Il a reçu le soutien du procureur général Barr et la participation du secrétaire à la Défense Mark Esper et du président des chefs d’état-major interarmées, le général Mark Milley. Esper et Milley se sont excusés pour leur participation à la marche de Trump sur Lafayette Square en réponse à l’incendie, mais Barr a renchéri sur sa défense partisane de Trump. Barr a menti sur son rôle dans cette marche sur Lafayette Square, et a rejoint Trump en jetant le doute sur le caractère sacré de notre système de vote.

Avant même que Barr n’orchestre le retrait violent des manifestants pacifiques rassemblés sur la place, Trump a fait une courte déclaration dans la roseraie de la Maison Blanche en appelant les États à utiliser la Garde nationale pour « nettoyer les rues » et a promis que, s’ils ne le faisaient pas, il « déploierait l’armée américaine et résoudrait rapidement le problème à leur place ».

Trump a encouragé la violence dans les rues pour justifier le recours à la force fédérale, qui est l’élément clé de sa campagne : l’accent mis sur la loi et l’ordre.

Trump est le premier président américain à tolérer la force contre les journalistes, qui assistent à ses rassemblements de campagne. Lors de l’un d’eux dans l’État du Minnesota, Trump a justifié l’action contre le journaliste de MSNBC, Ali Velshi, blessé par une balle en caoutchouc, comme une « belle chose ». C’est ce qu’il appelle la loi et l’ordre.

Trump a répété son commentaire diffamatoire plusieurs jours plus tard dans l’état de Pennsylvanie, se référant à Velshi « ce journaliste idiot. » Sentant le rire de la foule, Trump a poursuivi : « Et il est tombé en criant, j’ai été touché ! J’ai été touché. » Et rappelant un autre incident où les forces de la Garde nationale se sont déplacées contre une foule qui comprenait des journalistes, Trump a lancé « Ils l’ont bousculé [le journaliste] comme si c’était un petit sac de pop-corn ».

Lors d’un événement de campagne dans le Montana en 2018, Trump a félicité le représentant Greg Gianforte (élu du parti républicain) pour avoir frappé un journaliste du Guardian. Et en 2016, Trump a stigmatisé le handicap physique d’un journaliste du New York Times qui assistait à son meeting.

Ses références constantes à la presse comme « ennemi du peuple » découle d’une stratégie fasciste.

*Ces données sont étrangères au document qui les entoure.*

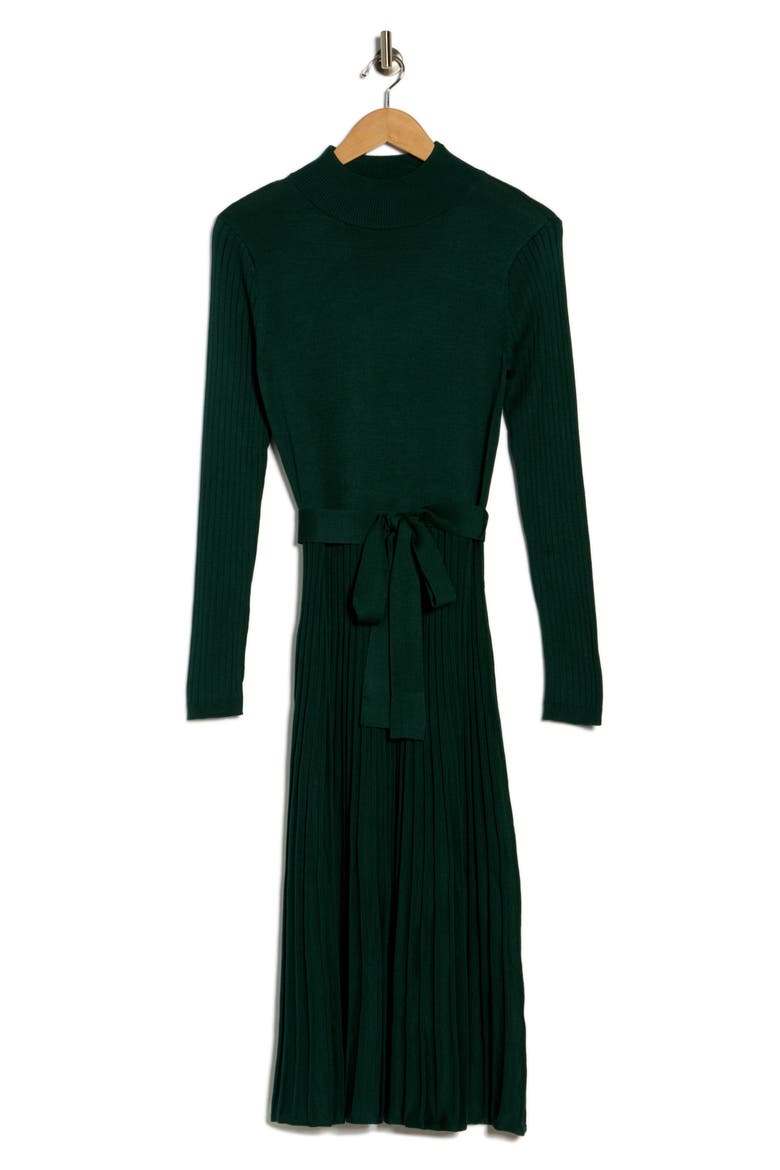 Mock Neck Long Sleeve Sweater Dress, Alternate, color, HUNTER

C’était l’une des calomnies préférées de Joseph Staline.

Trump et Barr exacerbent la polarisation politique du pays, contre les maires démocrates des grandes villes en menaçant de réduire le financement fédéral. Ils ont accusé ces maires d’avoir permis à « des émeutiers et des anarchistes de s’engager dans la violence et la destruction ».

Lorsque Trump a essayé de réduire le financement de plusieurs villes pour leurs politiques d’immigration, la cour d’appel fédérale a statué que cette décision violait la séparation des pouvoirs inscrite dans la Constitution.

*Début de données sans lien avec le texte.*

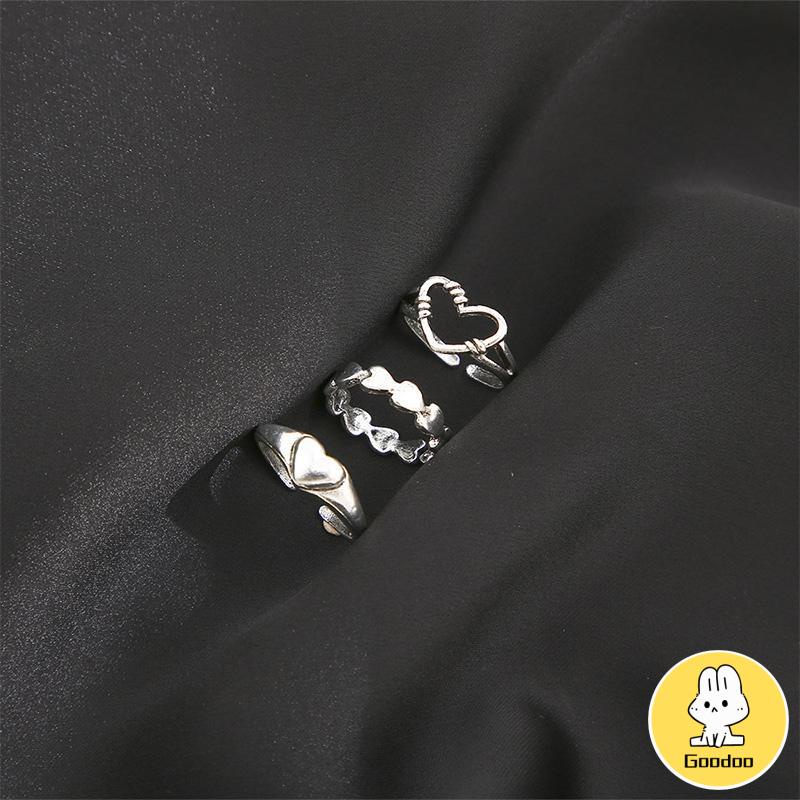 3pcs Cincin set korea Model Terbuka Desain Gelombang Hati Warna cincin Silver Gaya Vintage Wanita -Doo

Mais Trump a politisé les tribunaux, nommant plus de 200 juges fédéraux ainsi que trois juges à la Cour suprême. Barr a suggéré d’utiliser les lois sur la sédition pour poursuivre les manifestants et les fonctionnaires municipaux qui ne les contestaient pas.

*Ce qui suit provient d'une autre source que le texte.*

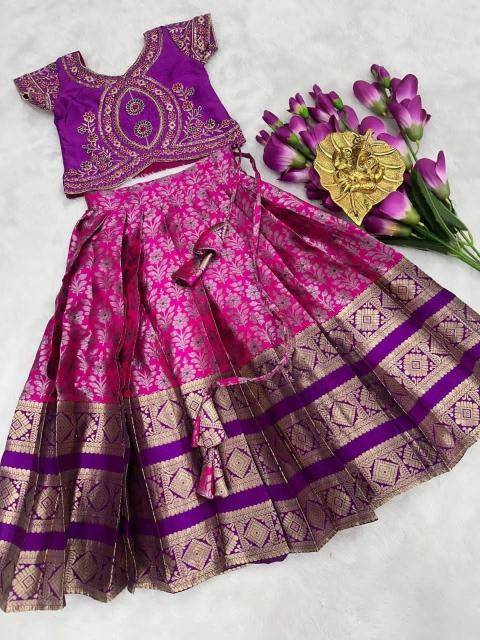 kids lehenga lichi silk  Children wear wholesaler in Surat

Alors que de nombreux politiciens et experts libéraux perdent leur temps à évaluer qu’elle a été l’influence russe lors des élections américaines de 2016 et 2020, Trump et Barr font avancer leur campagne fasciste, accusant nos écoles et nos universités de « réécrire l’histoire américaine pour enseigner à nos enfants que nous étions fondés sur le principe de l’oppression, et non de la liberté ».

Lors d’un événement aux Archives nationales, Trump a accusé : « la gauche a déformé et souillé l’histoire américaine avec des tromperies, des mensonges et des mensonges. »

Trump, qui n’était pas familier avec la vie et les œuvres de Frederick Douglass (écrivain noir ex esclave 1818/1895), n’a probablement jamais lu un livre sur l’histoire des États-Unis ou démontré de la curiosité - et encore moins de la compréhension - de notre passé.

Le ministère de l’Éducation de Trump s’en est pris à nos écoles publiques, qui risquent déjà de prendre du retard par rapport à leurs homologues européens et asiatiques. Il y a un soutien dans le pays pour l’éducation anti-raciste, mais Trump et la secrétaire à l’Éducation Betsy DeVos exhortent « l’éducation patriotique » à minimiser le rôle central de l’esclavage.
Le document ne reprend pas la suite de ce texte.